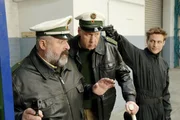 Herzberger (Dietmar Huhn, li.) und Bonrath (Gottfried Vollmer, Mi.) haben die Gangster beobachtet. Doch Alexander Barth (This Maag), einer der Gangster, entdeckt die beiden...
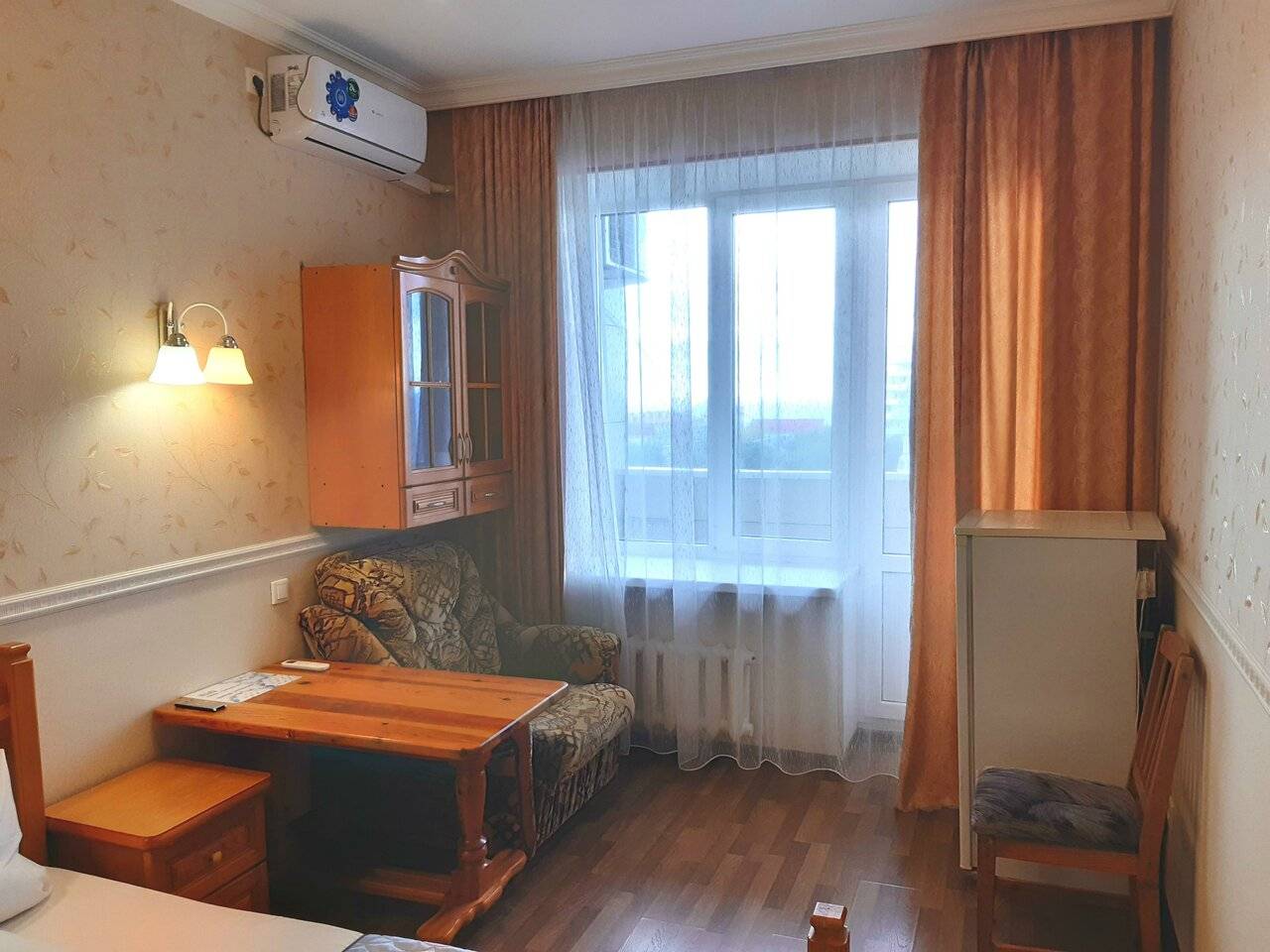 Фотографии номера «Стандартный»  с балконом и видом на море в Гостинице Высокий берег Анапа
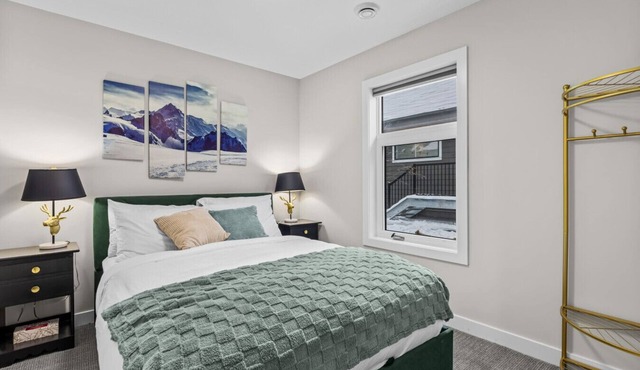 3-Bed Townhome |Mtn Views | Hot Tub | Fireplace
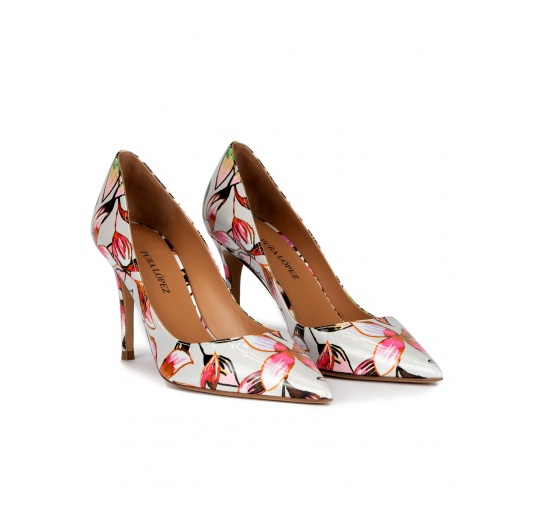 Zapatos de punta fina y tacón stiletto en tejido con estampado floral Pura López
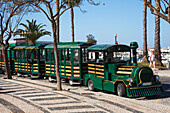 Ein grüner Zug entlang der Straße; Faro Algarve Portugal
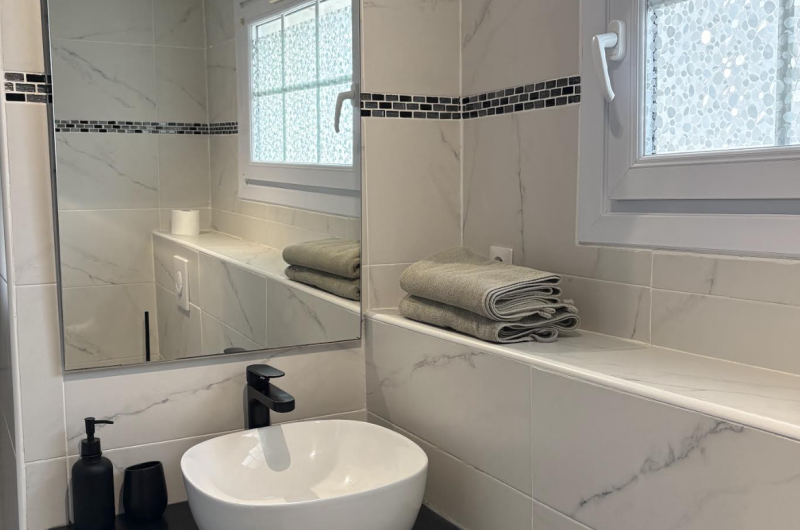 Salle de bains Chambre Mimizan 2025 ©Blond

◆ What you need to do ◆
Write out the whole listing exactly, and drop the pictures.

◆ Task output ◆
 Herzberger (Dietmar Huhn, li.) und Bonrath (Gottfried Vollmer, Mi.) haben die Gangster beobachtet. Doch Alexander Barth (This Maag), einer der Gangster, entdeckt die beiden...
 Фотографии номера «Стандартный»  с балконом и видом на море в Гостинице Высокий берег Анапа
 3-Bed Townhome |Mtn Views | Hot Tub | Fireplace
 Zapatos de punta fina y tacón stiletto en tejido con estampado floral Pura López
 Ein grüner Zug entlang der Straße; Faro Algarve Portugal
 Salle de bains Chambre Mimizan 2025 ©Blond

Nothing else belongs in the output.